Its not the point of some 1 saying jesus is not real that bothers me ive just notice a lot of this alll over weed growing web sites people come into them with no will of talking about growing/smokingweed ....

They are just coming on to these sites to spread that your religon is fake and that it was america that did 9/11 its all muslim propaganda to divide and and destroy 
the internet is there new weapon of choice to spread this bullshit , 
Like that movie zeitgeis the people that buy into this other than them is weed smoke kids , why else at the start did they say are religon is fake when clearly that has zero to do with the subject thats before telling use it was your own people that did 9/11 
Why not start of saying ALLa was a big pot of shit and a evil faith that promotes the death of any non believer 

thats what gets me just .


----------



## We TaRdED (Mar 25, 2008)

here, here's some links without religion at all... just look at how ignorant the public really is 


Ring of Power - Parts 1-5 - Sprword.com

Ring of Power - Parts 6-10 - Sprword.com


----------



## mexiblunt (Mar 25, 2008)

I think if you do the research and click on anyone who is posting in this thread they have nearly all been yakking it up about marijuana not just religion, currently I have no grow going but a few mothers for outdoor once it gets nice. 
Maybe the mods should take out all the topics that don't pertain to growing weed, including changing the name to growitup because rolling has nothing to do with growing either.


----------



## Hydrotech364 (Mar 25, 2008)

*good ideas there mexiblunt!!!!!!!!*


----------



## mexiblunt (Mar 25, 2008)

hydrotech364 said:


> *good ideas there mexiblunt!!!!!!!!*


 Actually I was being sarcastic.

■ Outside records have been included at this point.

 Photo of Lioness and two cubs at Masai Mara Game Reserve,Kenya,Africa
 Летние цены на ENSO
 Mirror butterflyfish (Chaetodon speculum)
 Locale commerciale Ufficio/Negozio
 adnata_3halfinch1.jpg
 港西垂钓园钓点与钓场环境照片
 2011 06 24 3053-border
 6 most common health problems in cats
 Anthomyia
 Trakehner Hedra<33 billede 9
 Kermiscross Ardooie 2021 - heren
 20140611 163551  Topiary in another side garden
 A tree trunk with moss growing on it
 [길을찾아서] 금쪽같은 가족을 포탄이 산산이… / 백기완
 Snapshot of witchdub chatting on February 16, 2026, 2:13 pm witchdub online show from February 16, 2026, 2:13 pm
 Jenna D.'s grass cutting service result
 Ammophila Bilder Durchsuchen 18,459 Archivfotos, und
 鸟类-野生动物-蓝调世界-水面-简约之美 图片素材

I like to be able to talk about anything with all my friend stoner growers and non stoner growers! Where there is a thread I don't like I don't read it, really pretty simple.


----------



## We TaRdED (Mar 25, 2008)

mexiblunt said:


> Actually I was being sarcastic. I like to be able to talk about anything with all my friend stoner growers and non stoner growers! Where there is a thread I don't like I don't read it, really pretty simple.

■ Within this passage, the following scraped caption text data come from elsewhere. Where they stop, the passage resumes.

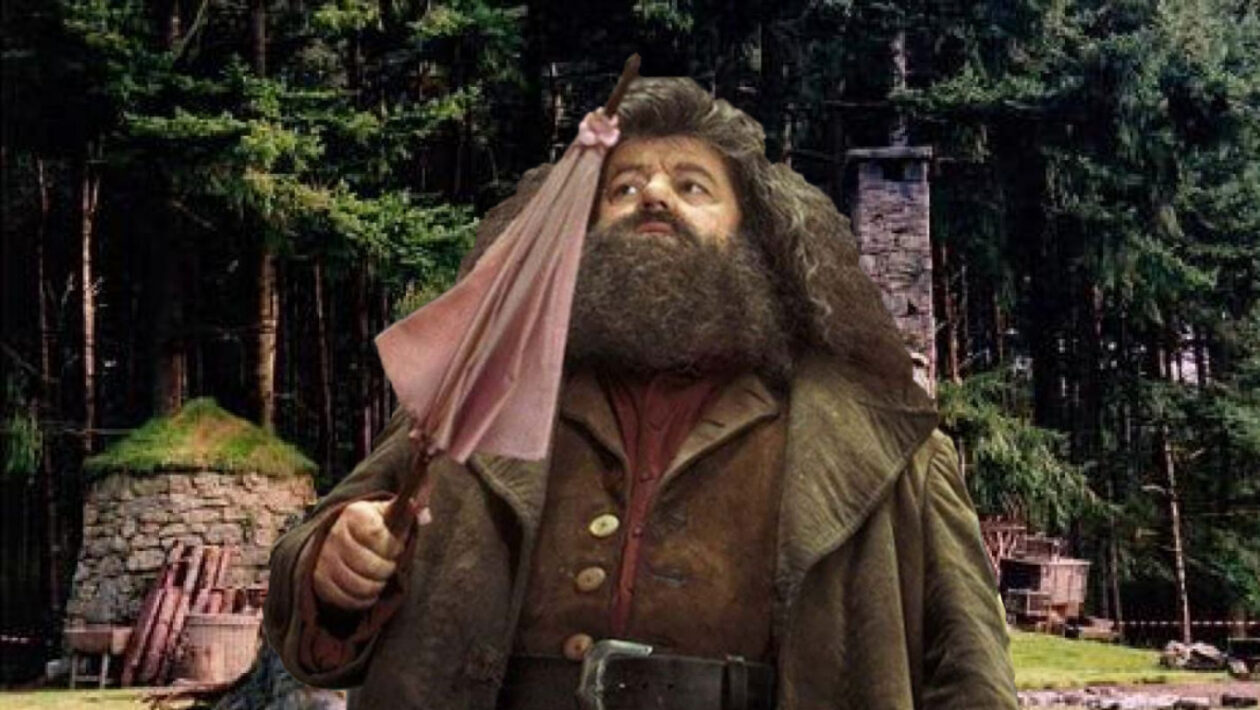 Robbie Coltrane : retour sur la carrière de l'emblématique Hagrid dans "Harry Potter"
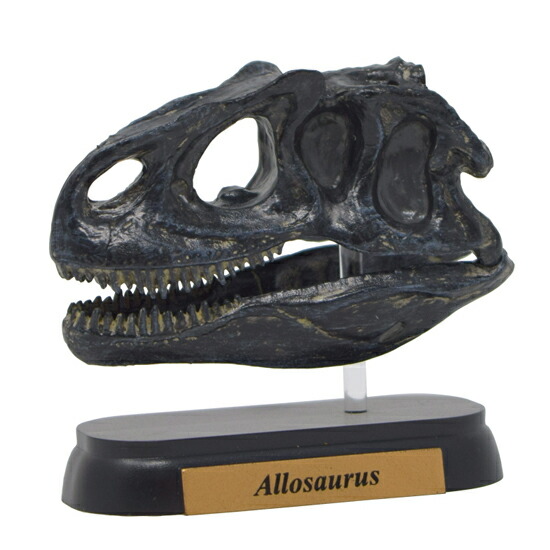 楽天市場】フェバリット 恐竜頭骨フィギュアミニモデル アロサウルス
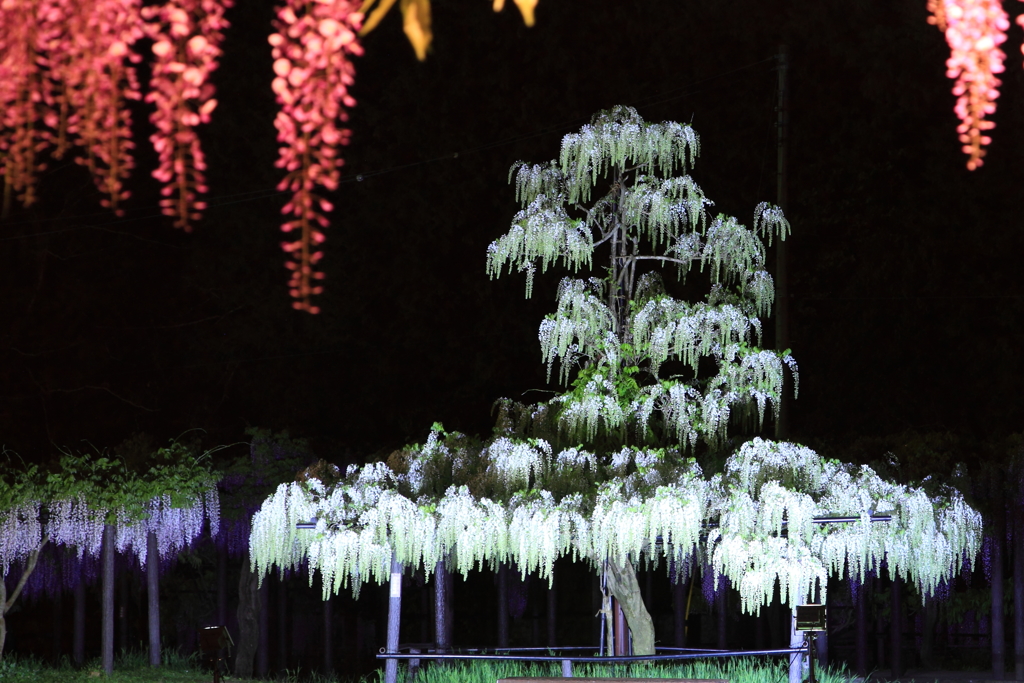 大町藤公園　白藤ライトアップ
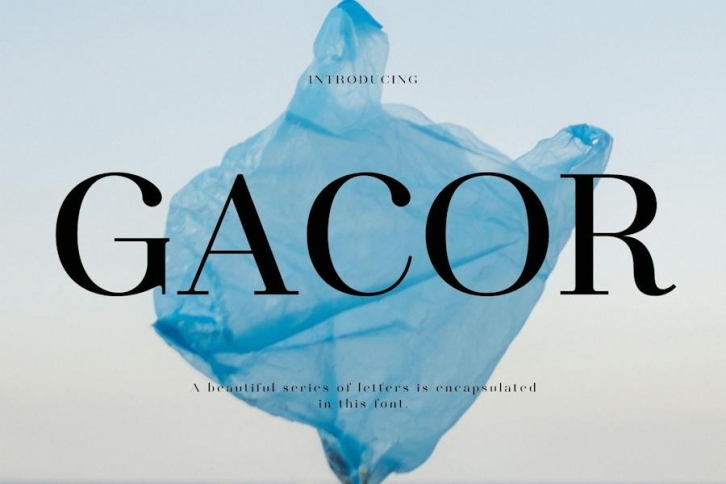Gacor Modern Serif Font Font Download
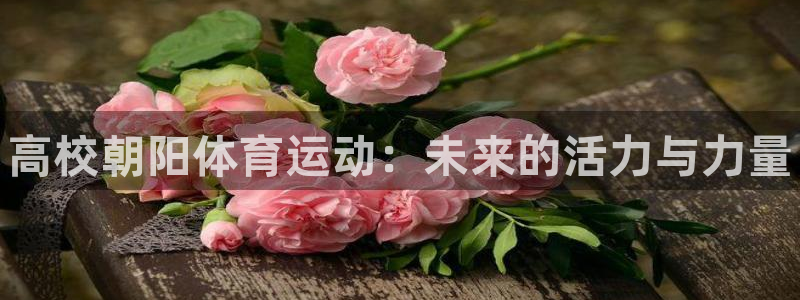 球王会体育：高校朝阳体育运动：未来的活力与力量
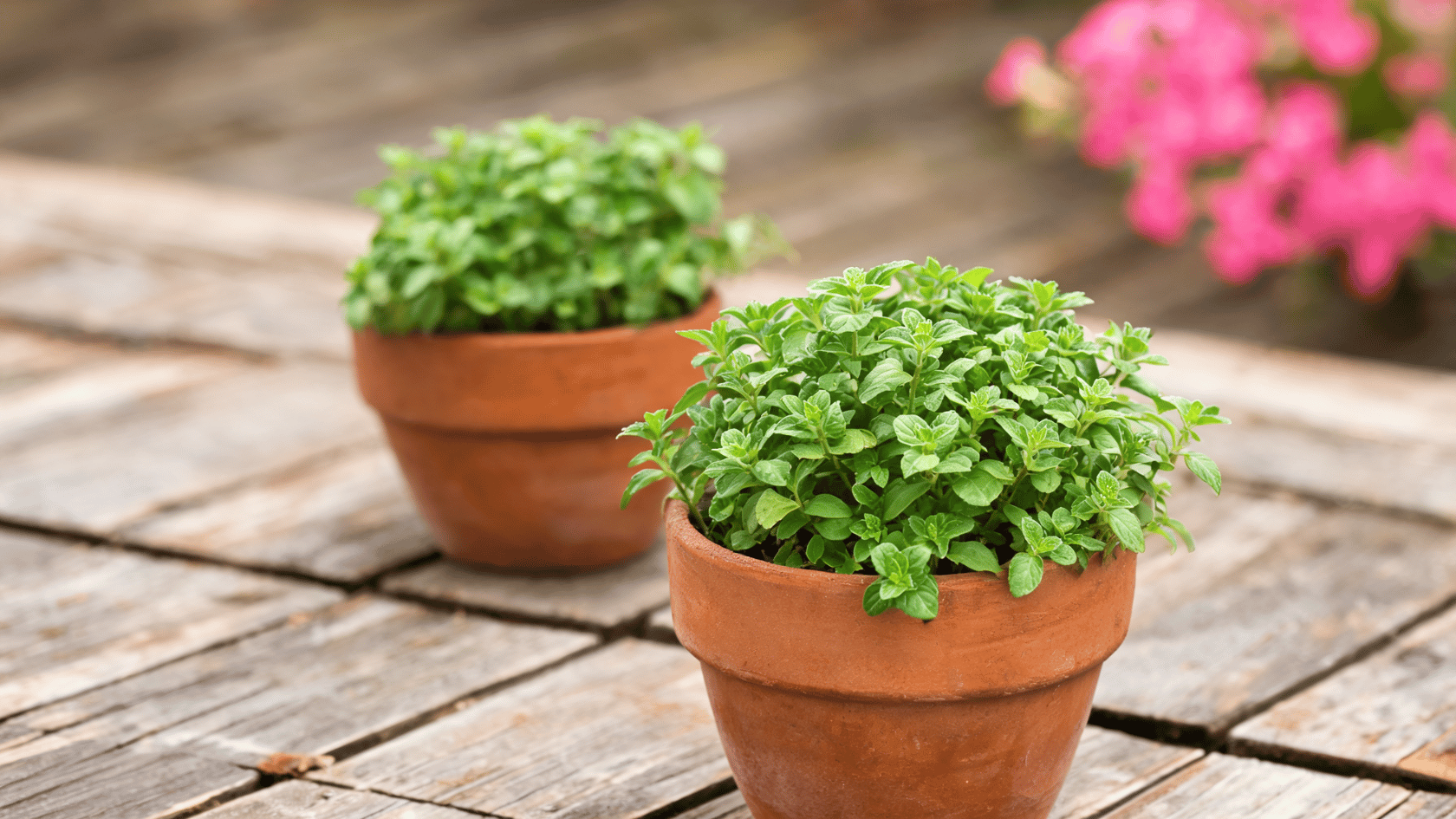 Potted parsley plants growing in terracotta pots on a wooden surface.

lol, as i was reading, i was thinking the same things you just posted... i was going to say "why post in a thread that you dont want to read/talk about ".

i like to talk about random stuff too. variety is the spice of life 

i love you guys  group hug, come on....


----------



## bobharvey (Mar 25, 2008)

shooter is an idiot i posted this thread in the right forum..it's under spirtuality/sexuality/and philosophy...


----------



## mexiblunt (Mar 25, 2008)

Yes. You did post in the right forum. ohhh almost forgot. HUGS FOR ALL.


----------



## mexiblunt (Mar 25, 2008)

Hey We tarded. I think I may watch you movie links tonite. I do kinda know what they are about but have been puttin it off, I'll probably go on a rant on rollitup after tho...maybe not?


----------



## We TaRdED (Mar 25, 2008)

mexiblunt said:


> Hey We tarded. I think I may watch you movie links tonite. I do kinda know what they are about but have been puttin it off, I'll probably go on a rant on rollitup after tho...maybe not?


ya, you will only be able to watch one at a time because they are rather long. 

spread the word brother. share the links with people you know. 

lol i got really pissed the when i first saw them myself, its just not right whats going on behind our backs. they should teach the real deal in history class- they omit all the juicy stuff.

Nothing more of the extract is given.